#### [Task objective]
Quote from the first line below through the line that contains "実際に弊社で買取させて頂いたGUCCI/グッチ エラスティック ロゴ", both included, and leave the pictures out.

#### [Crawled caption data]
..............................

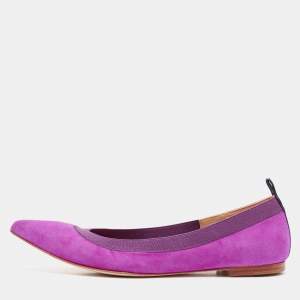 Carolina Herrera Purple Suede Pointed Toe Ballet Flats Size 37
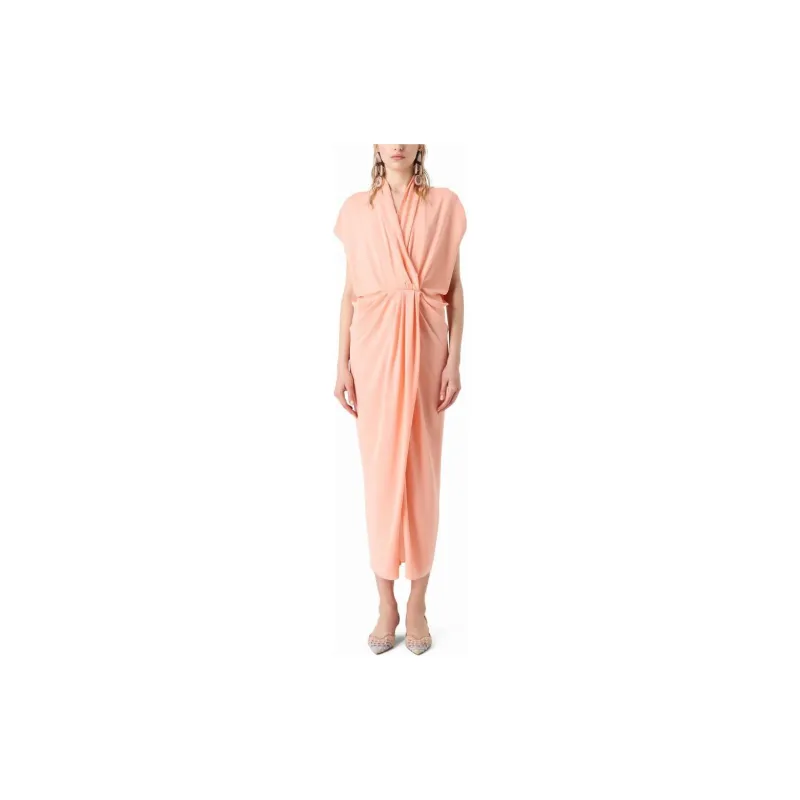 GIORGIO ARMANI V Neck Draped Midi Dress-1
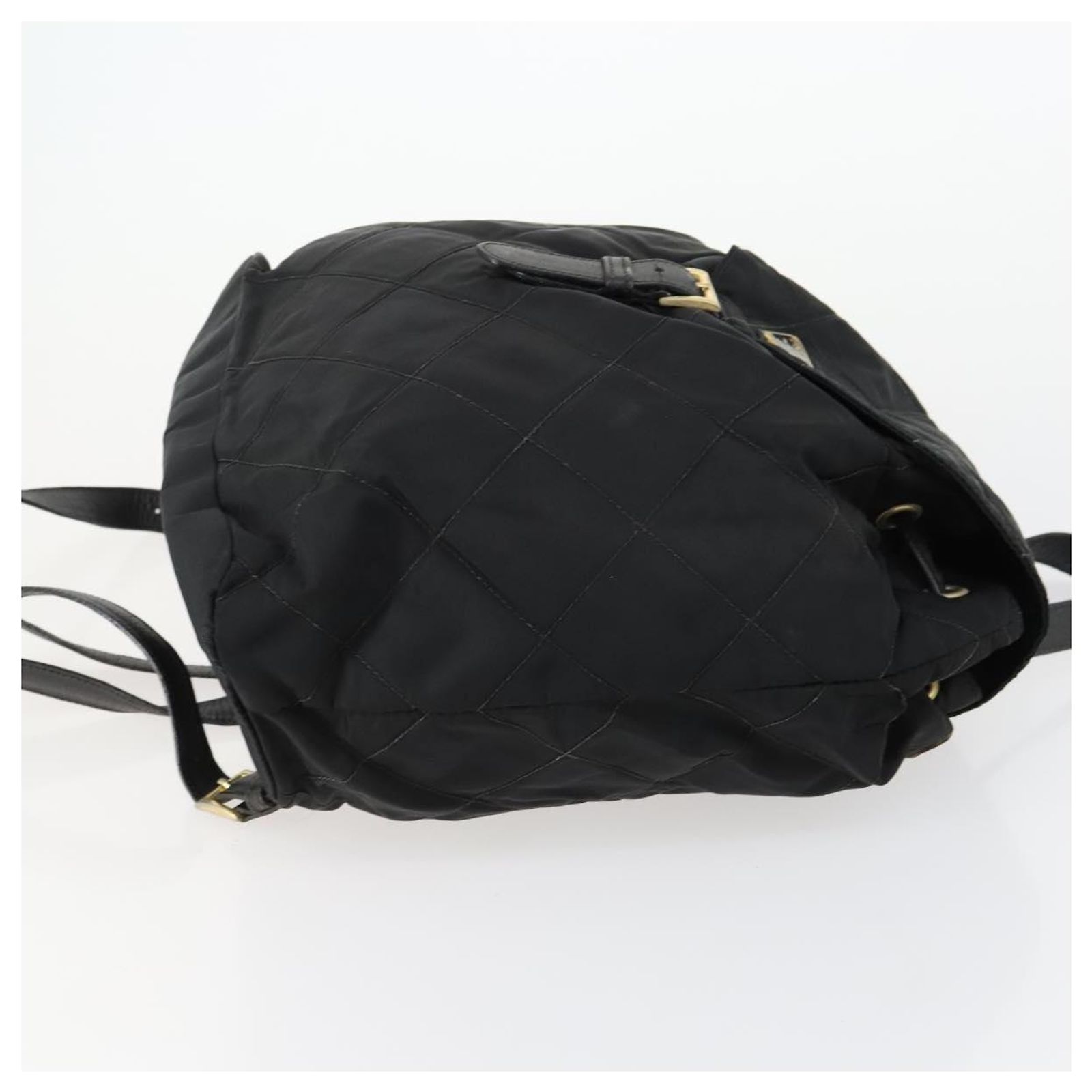 PRADA Backpack Nylon Black Gold Auth ka1154 Golden ref  display picture 2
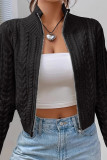 Solid Color Zipper Knitted Long Sleeve Cardigan Sweater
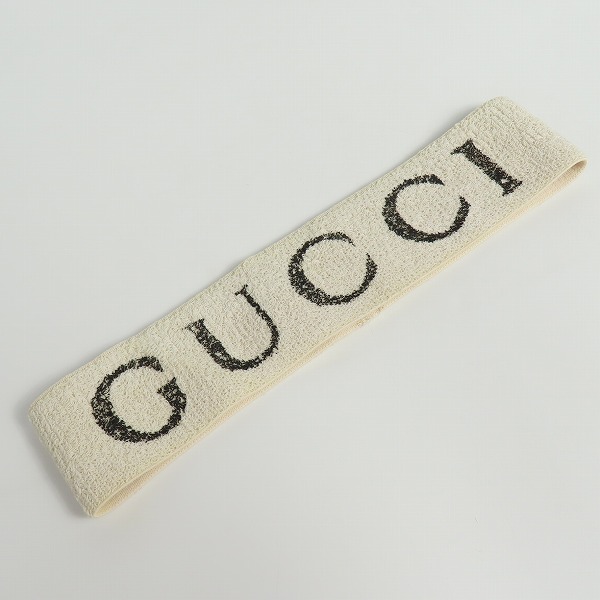 実際に弊社で買取させて頂いたGUCCI/グッチ エラスティック ロゴ ヘアバンド 491820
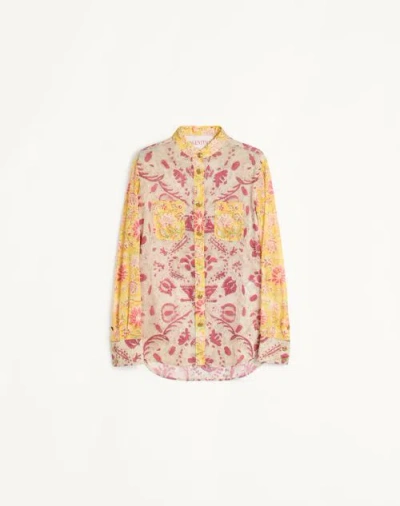 Valentino Hemd Aus Mussola Paisley Speculare Voyage Imaginaire Frau Multicolor 46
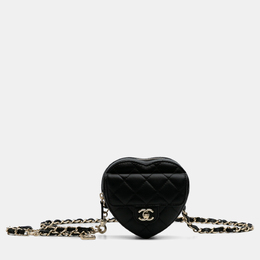 Chanel: Чёрная поясная сумка 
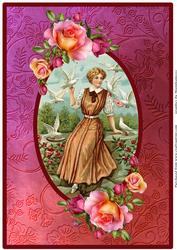 Vintage Lady with Birds A4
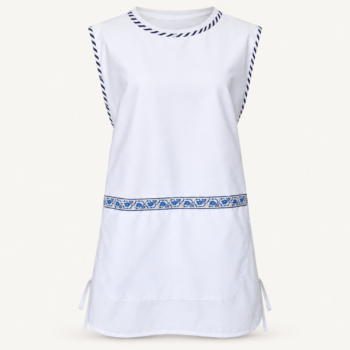 Poncho docente blanco con tiras para entallar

..............................

#### [Written reply]
 Carolina Herrera Purple Suede Pointed Toe Ballet Flats Size 37
 GIORGIO ARMANI V Neck Draped Midi Dress-1
 PRADA Backpack Nylon Black Gold Auth ka1154 Golden ref  display picture 2
 Solid Color Zipper Knitted Long Sleeve Cardigan Sweater
 実際に弊社で買取させて頂いたGUCCI/グッチ エラスティック ロゴ ヘアバンド 491820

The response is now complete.